Debbie Stabenow, Michigan.

"This is not where we as Democrats ought to be, for crying
out loud," as Senator Tom Harkin noted. "We are making a
terrible mistake by thinking that we can have it both ways.
We have to remember where our base is."

The bill is a fantasy come true for credit card companies,
which have been pushing it for years. But it's not as though
they're suffering. They made $30 billion in profits last
year.

The bill severely limits the ability of consumers to wipe
away some of their debts and get a fresh start.

Half the people who file for bankruptcy do so because of sky-
high medical bills, and another 40 percent due so because of
disability, job loss, family death, or divorce, according to
the National Consumer Law Center. If you make more than the
median income in your state, no matter how high your bills
are, you can't wipe the debts clean.

As a result, debtors will be at much greater risk of losing
their cars or their homes.

And even if your debts are the consequence of identity theft,
of someone stealing your credit card and running up charges,
you still are on the hook for them, as the Senate amazingly
voted down an amendment to shelter victims of identity theft.

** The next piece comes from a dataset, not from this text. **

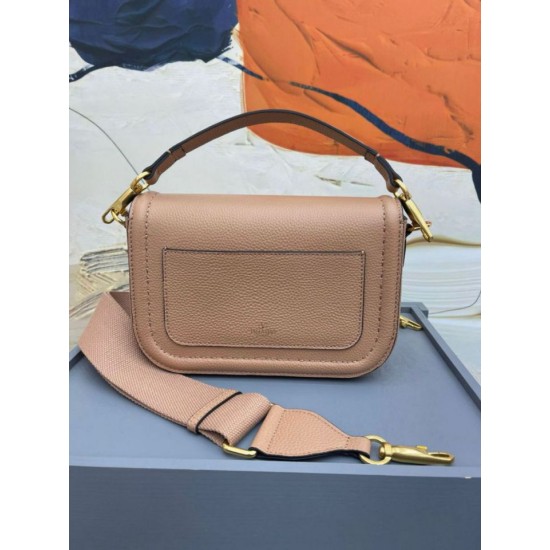 Replica perfetta Valentino Alltime Borse a tracolla Beige Granulato Imitazione Outlet Online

Yet at the same time, the bill assigns guilt to consumers who
are doing perfectly understandable and legal things. "The
bill presumes that a struggling family that spends more than
$42 a week on credit card purchases before declaring
bankruptcy is guilty of fraud," according to the Consumer
Federation of America.

The bill also requires anyone filing for bankruptcy to get
credit counseling beforehand. But as Senator Russ Feingold
pointed out, there are some people who need to file for
bankruptcy who can't get that counseling. He mentioned a
person with Alzheimer's, for instance. "Do we think anything
is to be gained by requiring a debtor who is ill with a
terrible, incurable disease, not even competent to sign legal
papers anymore, to take a credit education course?"

He also mentioned U.S. soldiers fighting in Iraq or
Afghanistan. Some of them are going broke because their
military pay is much less than they were earning at home. On
the Senate floor, Feingold again asked: "Do we want to
require a soldier to sit down at a computer and take a credit
counseling or credit education course while they are in Iraq
in order to protect his or her family back home from
financial ruin?"

Meanwhile, the new bill won't do anything to force the credit
card companies to stop their predatory lending, nor will it
even make them come clean on how much interest or penalties
they are charging to consumers who pay only the minimum
balance or who pay late.

Middle class debtors are the ones who are going to suffer the
most under this bill.

The poor will still be able to get Chapter 7 protection,
which releases them from most of their debts. And the
indebted rich can still shelter their property if they get a
good lawyer to draw up an asset protection trust in states
where that's allowed. And many affluent debtors could still
declare bankruptcy and still keep their mansions. On top of
that, corporations like Enron could still file bankruptcy to
avoid paying their employees.

But if you're struggling to keep your head above water, this
bill has one piece of advice for you: drown.

And eighteen Democratic Senators refused to throw you a rope.